Records to use:
Start of Block

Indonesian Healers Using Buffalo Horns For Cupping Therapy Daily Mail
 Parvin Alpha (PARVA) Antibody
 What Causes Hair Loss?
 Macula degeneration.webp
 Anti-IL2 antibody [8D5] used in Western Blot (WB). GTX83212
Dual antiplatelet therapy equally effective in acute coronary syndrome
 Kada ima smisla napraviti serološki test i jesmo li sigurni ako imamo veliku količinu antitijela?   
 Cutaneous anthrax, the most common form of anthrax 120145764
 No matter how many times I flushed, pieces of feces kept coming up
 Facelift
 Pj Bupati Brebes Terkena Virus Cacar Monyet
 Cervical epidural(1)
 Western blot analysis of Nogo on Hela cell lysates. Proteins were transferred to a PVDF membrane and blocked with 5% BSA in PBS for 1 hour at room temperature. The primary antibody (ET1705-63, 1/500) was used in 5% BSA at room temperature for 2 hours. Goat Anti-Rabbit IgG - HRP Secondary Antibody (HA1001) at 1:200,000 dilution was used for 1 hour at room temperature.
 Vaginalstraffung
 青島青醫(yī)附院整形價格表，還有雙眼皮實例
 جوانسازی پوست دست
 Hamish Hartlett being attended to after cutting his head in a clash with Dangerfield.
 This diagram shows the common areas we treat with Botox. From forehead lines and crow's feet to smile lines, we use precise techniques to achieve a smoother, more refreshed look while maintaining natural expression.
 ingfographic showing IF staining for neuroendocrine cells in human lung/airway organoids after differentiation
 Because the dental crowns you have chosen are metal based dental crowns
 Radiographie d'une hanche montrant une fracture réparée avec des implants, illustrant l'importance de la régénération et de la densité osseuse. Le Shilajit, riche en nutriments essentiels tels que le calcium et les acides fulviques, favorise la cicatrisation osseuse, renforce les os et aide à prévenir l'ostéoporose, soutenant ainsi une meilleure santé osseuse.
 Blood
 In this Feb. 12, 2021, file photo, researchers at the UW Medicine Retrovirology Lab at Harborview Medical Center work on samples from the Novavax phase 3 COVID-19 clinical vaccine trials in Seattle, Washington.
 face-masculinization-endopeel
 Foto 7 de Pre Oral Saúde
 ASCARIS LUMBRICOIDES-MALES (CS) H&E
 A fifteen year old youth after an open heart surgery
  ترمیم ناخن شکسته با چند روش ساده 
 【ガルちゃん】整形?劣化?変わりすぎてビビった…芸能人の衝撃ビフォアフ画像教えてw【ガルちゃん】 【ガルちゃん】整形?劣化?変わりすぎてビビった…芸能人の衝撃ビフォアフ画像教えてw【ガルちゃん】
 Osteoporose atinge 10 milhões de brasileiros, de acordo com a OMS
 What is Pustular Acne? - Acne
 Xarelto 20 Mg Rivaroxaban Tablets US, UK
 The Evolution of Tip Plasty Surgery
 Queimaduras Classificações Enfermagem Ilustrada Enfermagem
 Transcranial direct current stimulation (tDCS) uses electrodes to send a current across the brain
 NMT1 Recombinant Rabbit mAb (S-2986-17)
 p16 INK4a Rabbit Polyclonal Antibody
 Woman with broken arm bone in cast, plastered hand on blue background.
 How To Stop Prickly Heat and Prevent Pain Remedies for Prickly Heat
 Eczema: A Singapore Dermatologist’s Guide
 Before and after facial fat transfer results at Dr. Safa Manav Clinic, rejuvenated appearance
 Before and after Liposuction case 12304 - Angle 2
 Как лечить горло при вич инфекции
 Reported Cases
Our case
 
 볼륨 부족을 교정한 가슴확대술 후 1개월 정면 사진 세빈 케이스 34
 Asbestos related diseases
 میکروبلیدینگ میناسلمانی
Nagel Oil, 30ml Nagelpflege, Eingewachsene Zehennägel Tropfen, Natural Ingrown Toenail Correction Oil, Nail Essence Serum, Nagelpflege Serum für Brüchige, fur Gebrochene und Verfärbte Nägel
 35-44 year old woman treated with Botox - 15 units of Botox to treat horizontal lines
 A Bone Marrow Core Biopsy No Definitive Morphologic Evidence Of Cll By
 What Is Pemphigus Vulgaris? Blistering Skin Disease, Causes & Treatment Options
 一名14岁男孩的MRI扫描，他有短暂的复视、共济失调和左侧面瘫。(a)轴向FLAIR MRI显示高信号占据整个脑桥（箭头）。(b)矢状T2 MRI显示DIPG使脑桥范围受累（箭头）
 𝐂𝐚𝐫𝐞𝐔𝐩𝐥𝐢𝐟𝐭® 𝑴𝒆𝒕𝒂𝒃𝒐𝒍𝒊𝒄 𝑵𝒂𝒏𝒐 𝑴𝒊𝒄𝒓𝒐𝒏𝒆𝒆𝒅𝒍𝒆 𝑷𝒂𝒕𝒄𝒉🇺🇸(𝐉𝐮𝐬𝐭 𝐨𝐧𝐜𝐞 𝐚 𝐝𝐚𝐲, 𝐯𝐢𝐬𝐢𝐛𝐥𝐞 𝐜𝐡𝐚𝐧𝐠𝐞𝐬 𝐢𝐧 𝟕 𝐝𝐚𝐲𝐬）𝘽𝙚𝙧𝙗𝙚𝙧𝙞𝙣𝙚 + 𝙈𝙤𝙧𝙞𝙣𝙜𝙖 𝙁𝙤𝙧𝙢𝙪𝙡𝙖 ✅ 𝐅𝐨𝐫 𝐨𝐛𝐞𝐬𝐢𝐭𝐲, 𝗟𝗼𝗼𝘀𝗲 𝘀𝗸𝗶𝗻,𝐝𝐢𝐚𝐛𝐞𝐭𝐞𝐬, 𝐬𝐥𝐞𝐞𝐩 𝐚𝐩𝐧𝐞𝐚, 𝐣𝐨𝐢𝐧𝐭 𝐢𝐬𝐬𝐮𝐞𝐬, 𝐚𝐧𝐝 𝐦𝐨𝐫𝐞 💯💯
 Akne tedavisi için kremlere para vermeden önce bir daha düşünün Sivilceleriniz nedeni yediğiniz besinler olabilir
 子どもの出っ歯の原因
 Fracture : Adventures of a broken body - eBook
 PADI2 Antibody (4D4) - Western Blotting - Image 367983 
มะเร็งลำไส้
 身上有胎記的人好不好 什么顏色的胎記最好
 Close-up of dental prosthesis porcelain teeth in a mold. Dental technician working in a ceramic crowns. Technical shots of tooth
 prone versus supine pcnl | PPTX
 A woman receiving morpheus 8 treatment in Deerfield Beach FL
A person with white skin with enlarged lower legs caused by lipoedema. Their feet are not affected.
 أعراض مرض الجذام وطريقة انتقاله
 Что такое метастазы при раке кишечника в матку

End of Block

What to do:
Please give back, exactly as it stands above, the stretch from the line with "Parvin Alpha (PARVA) Antibody" through the line with "Because the dental", and no line outside it.

Answer to this exercise:
 Parvin Alpha (PARVA) Antibody
 What Causes Hair Loss?
 Macula degeneration.webp
 Anti-IL2 antibody [8D5] used in Western Blot (WB). GTX83212
Dual antiplatelet therapy equally effective in acute coronary syndrome
 Kada ima smisla napraviti serološki test i jesmo li sigurni ako imamo veliku količinu antitijela?   
 Cutaneous anthrax, the most common form of anthrax 120145764
 No matter how many times I flushed, pieces of feces kept coming up
 Facelift
 Pj Bupati Brebes Terkena Virus Cacar Monyet
 Cervical epidural(1)
 Western blot analysis of Nogo on Hela cell lysates. Proteins were transferred to a PVDF membrane and blocked with 5% BSA in PBS for 1 hour at room temperature. The primary antibody (ET1705-63, 1/500) was used in 5% BSA at room temperature for 2 hours. Goat Anti-Rabbit IgG - HRP Secondary Antibody (HA1001) at 1:200,000 dilution was used for 1 hour at room temperature.
 Vaginalstraffung
 青島青醫(yī)附院整形價格表，還有雙眼皮實例
 جوانسازی پوست دست
 Hamish Hartlett being attended to after cutting his head in a clash with Dangerfield.
 This diagram shows the common areas we treat with Botox. From forehead lines and crow's feet to smile lines, we use precise techniques to achieve a smoother, more refreshed look while maintaining natural expression.
 ingfographic showing IF staining for neuroendocrine cells in human lung/airway organoids after differentiation
 Because the dental crowns you have chosen are metal based dental crowns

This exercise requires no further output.